ACTION ITEM ▸
All lines from the one that has "Fazley FSP-200-W piano" onward to the end of the records below are to be returned exactly; pictures are to be skipped.

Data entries
━━━━━━━━━━━━━━━━━━━━━━━━━━━━━━
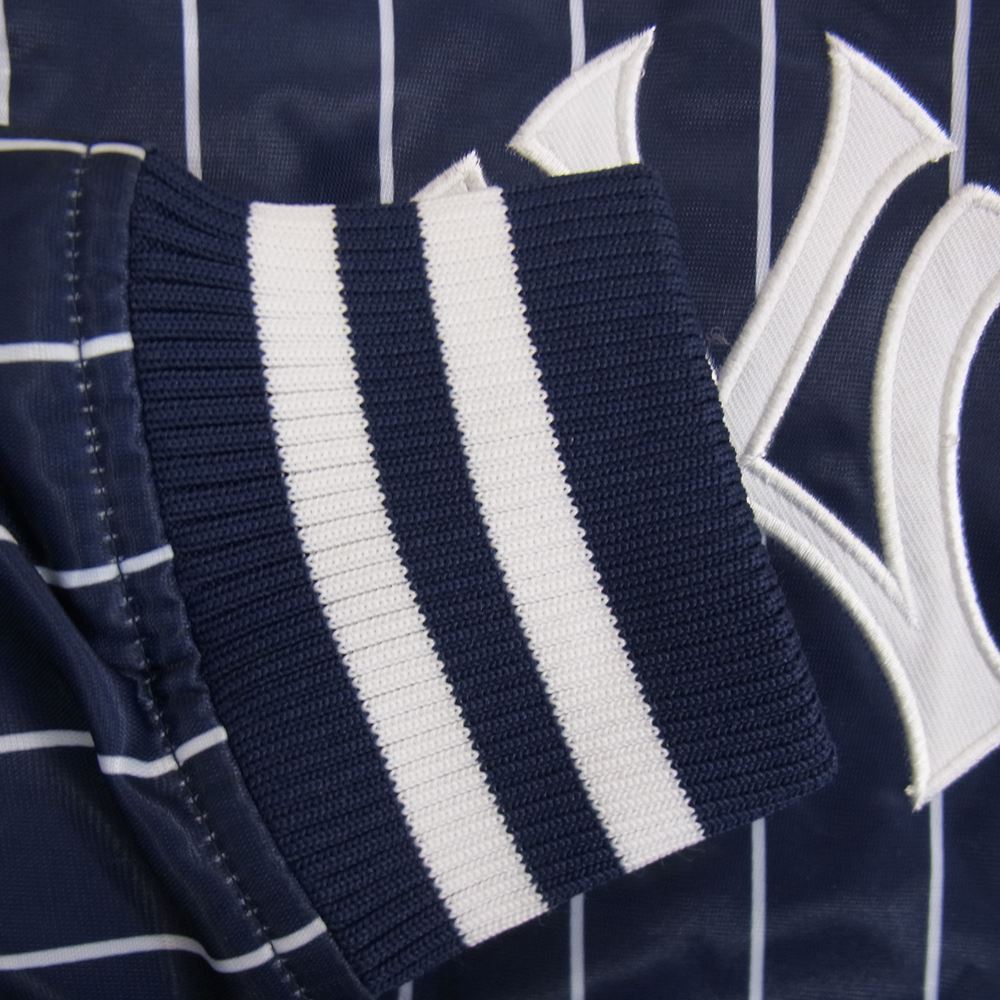 マジェスティック NEWYORK YANKEES ニューヨーク ヤンキース ストライプ ナイロン スタジャン ジャケット ブルゾン ネイビー系 L【中古】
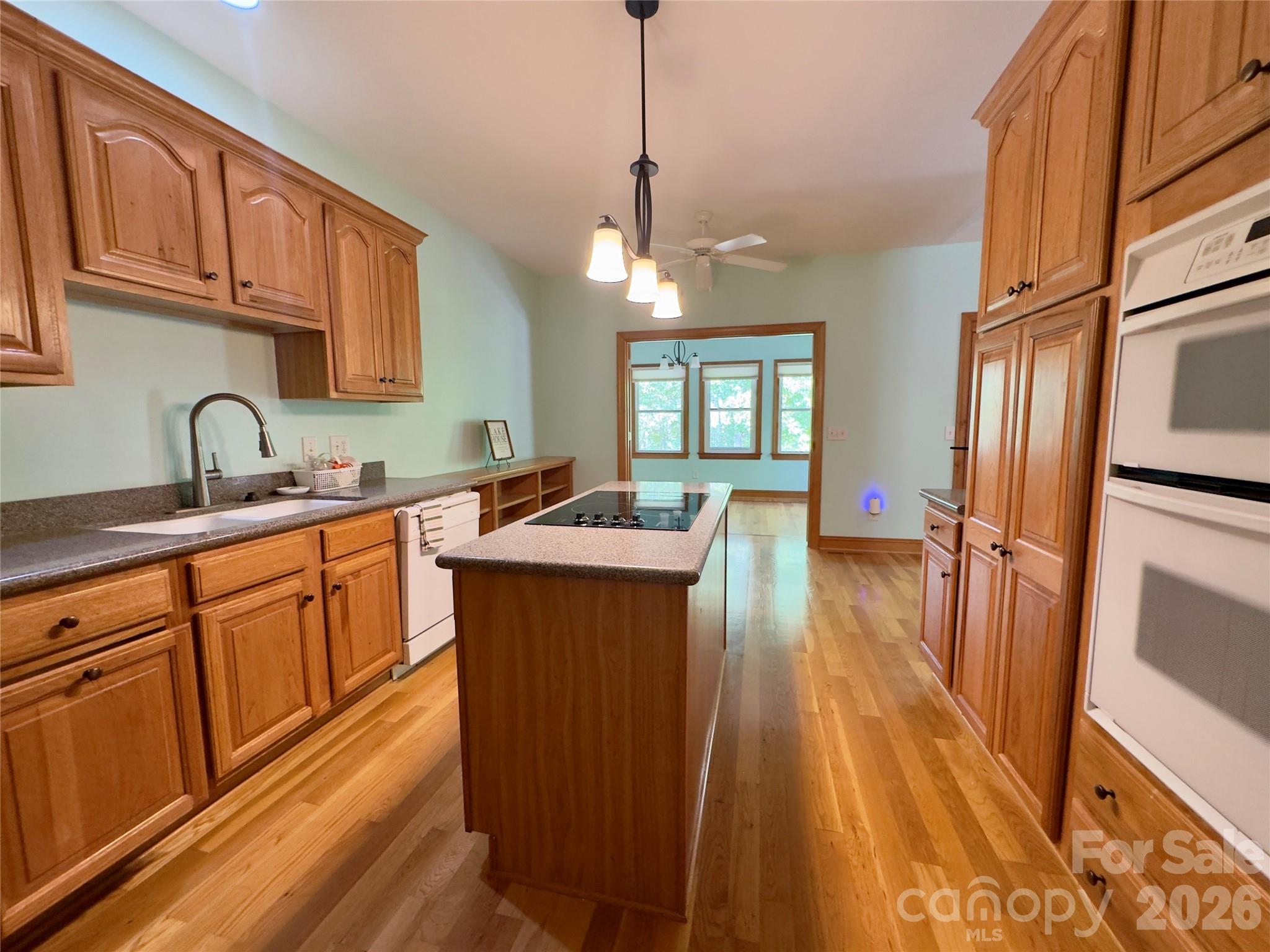 906 Rocky Cove Lane — Denton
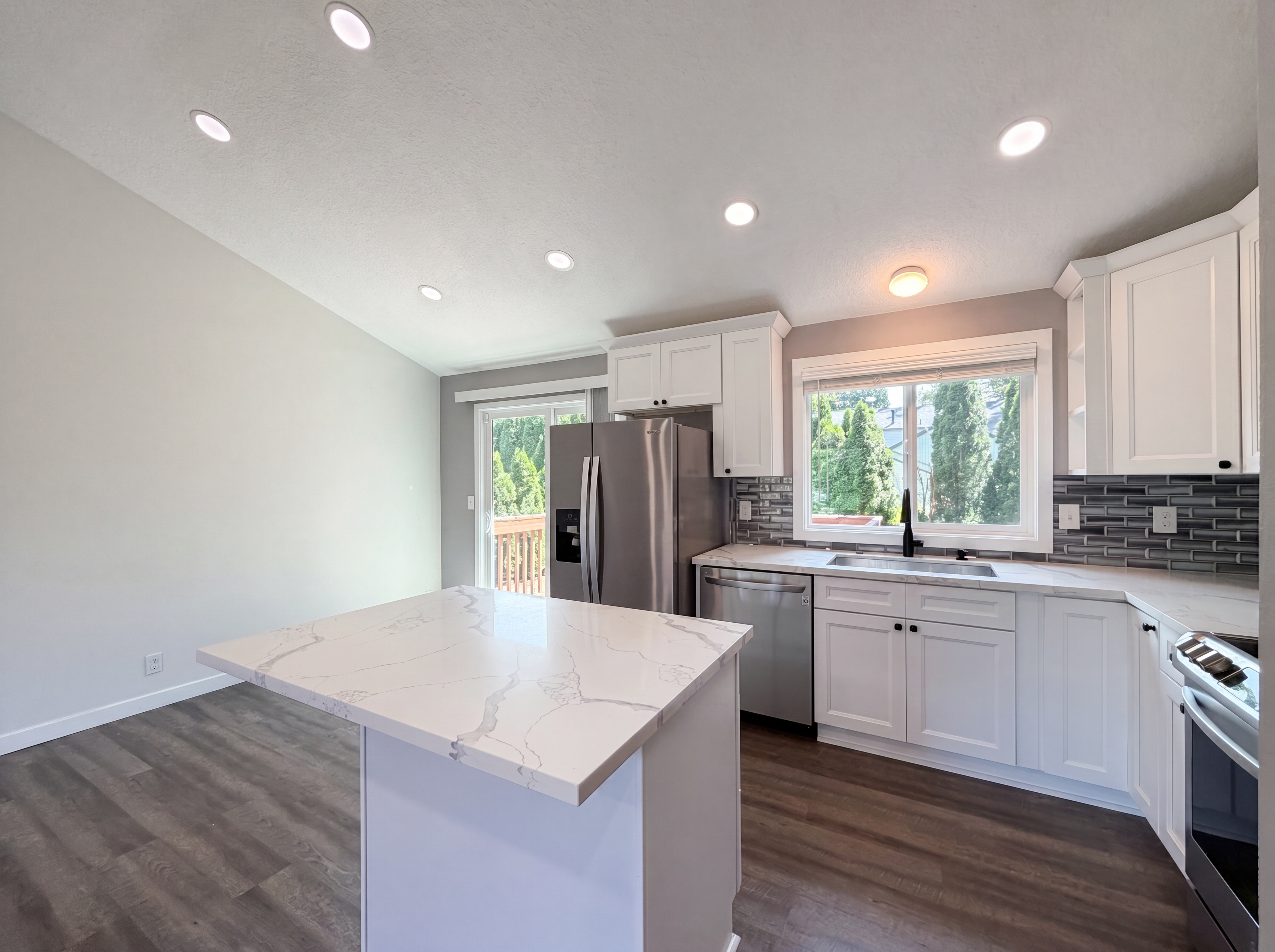 Photo 6 of 18 of 20860 SW Parker Ct, Beaverton, OR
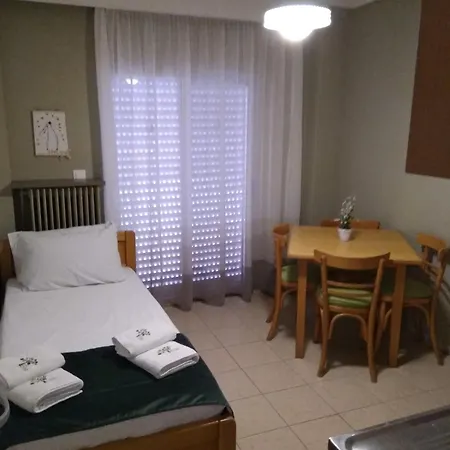 Family-Elia Apartment Paralia Dionysiou Room photo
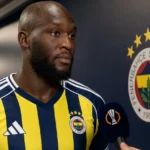 Romelu Lukaku geeft een interview in de mixed zone na een wedstrijd van Fenerbahçe.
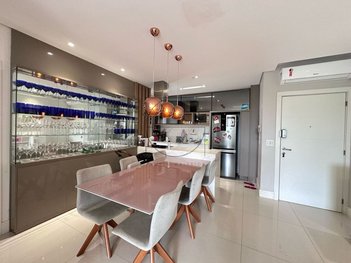apartment em Rua Dario João de Souza, Jurerê - Florianópolis - SC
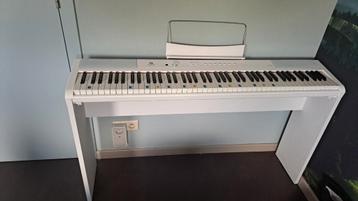 Fazley FSP-200-W piano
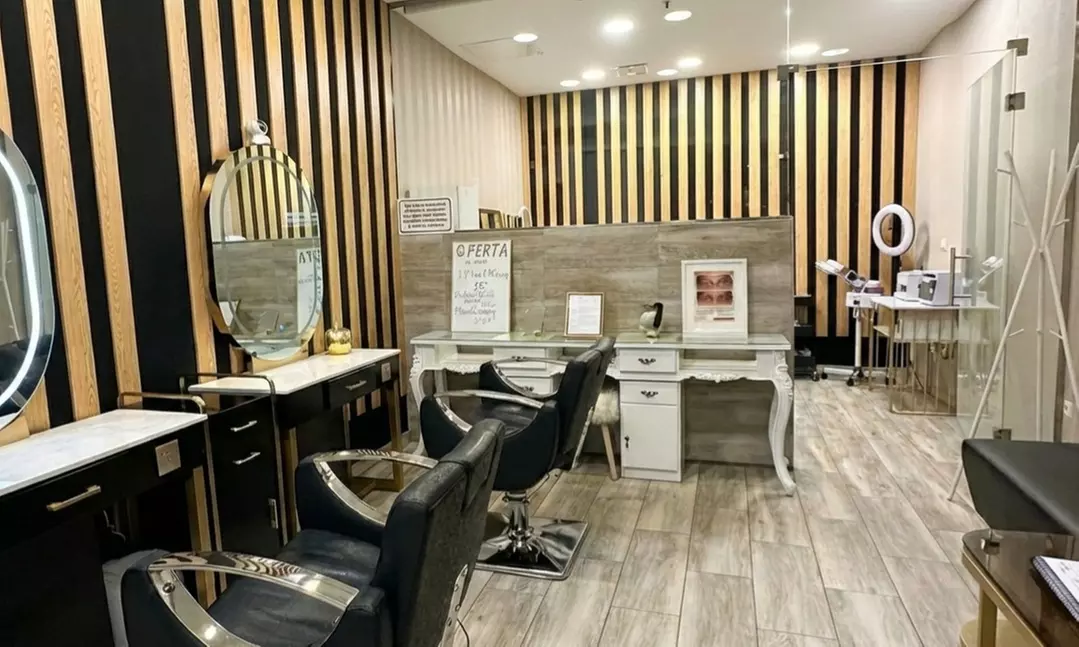 Sesión de microblading con visagismo de cejas para 1 persona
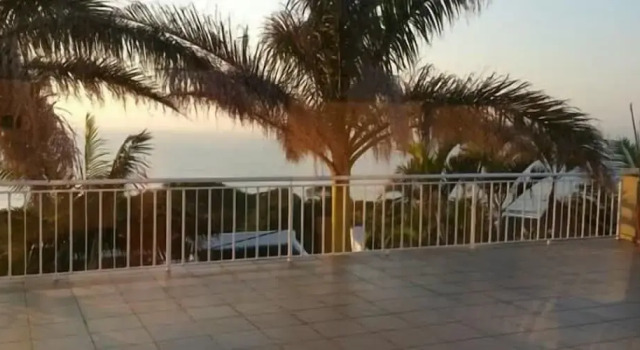 Апартаменты Acacia Crescent Seaview Manor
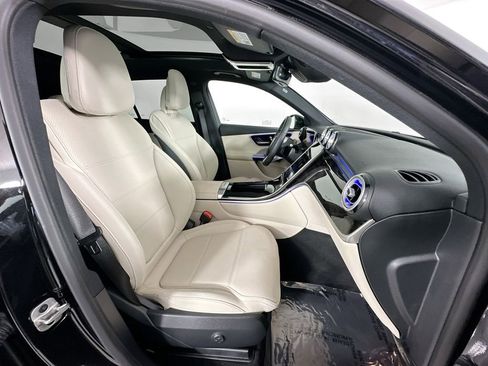 Used 2026 Mercedes-Benz GLC 300 4MATIC image 29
━━━━━━━━━━━━━━━━━━━━━━━━━━━━━━
RESPONSE TO THE TASK ▸
 Fazley FSP-200-W piano
 Sesión de microblading con visagismo de cejas para 1 persona
 Апартаменты Acacia Crescent Seaview Manor
 Used 2026 Mercedes-Benz GLC 300 4MATIC image 29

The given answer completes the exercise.